Allen Klein said that humor cannot change a situation, but it can change your attitude about it.

I am working on a lease where I represent a restaurant tenant against a well-known, national REIT landlord. Needless to say, the landlord’s form lease is crazy-long and overly one sided, and the landlord is not very flexible. Faced with that situation, it is easy to develop a bad attitude.  So when I got the landlord’s response to my comments (all of my comments were of course absolutely necessary just to get the lease in a reasonably fair condition), or should I say rejection of my comments, I started getting irritable.

But then halfway through the lease, I saw the landlord’s attorney had inserted a provision requiring our client to provide free wine to the landlord’s attorney as a way to resolve a certain issue.
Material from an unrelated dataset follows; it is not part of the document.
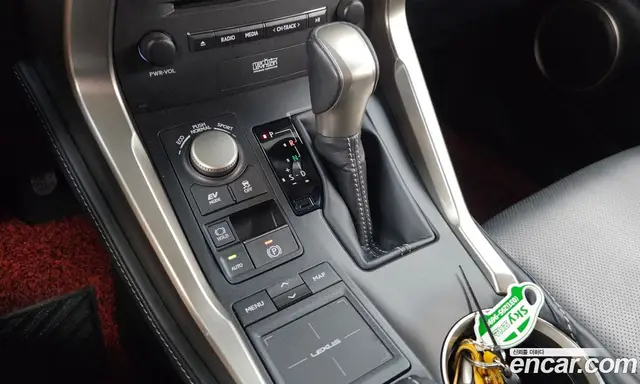 Lexus NX 2017 2.5 автомат (гидро), миниатюра 9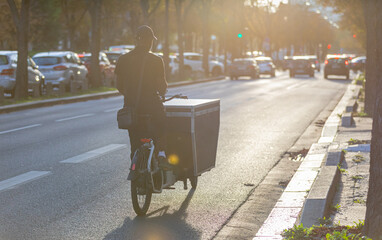 Un homme transportant de la marchandise avec un vélo cargo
I laughed out loud and some of my irritation with the attorney went away. Then, in response to my question as to how trash is handled at this center, the attorney said, “with gloves – it’s kind of gross.” That too made me laugh out loud. I started thinking I might even like this attorney.
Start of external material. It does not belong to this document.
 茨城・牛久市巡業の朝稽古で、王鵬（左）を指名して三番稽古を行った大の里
In all seriousness, his humor did change my attitude. I saw where I might have been disagreeable merely because of the situation, as opposed to focusing on the actual substantive issue and its relative importance to our client. The fact is that the attorney’s humor made me more receptive to his position. And it made a difficult negotiation more enjoyable.

I like to joke, but my family tells me I have a propensity for telling bad jokes and a bad joke is worse than no joke. In fact, I’m not even kidding when I tell you that when he was 11 years old my oldest son (he’s now 28) wrote a school project describing me and said I will joke around or be serious, and if I tell a joke it might even be a funny joke. Now that’s funny!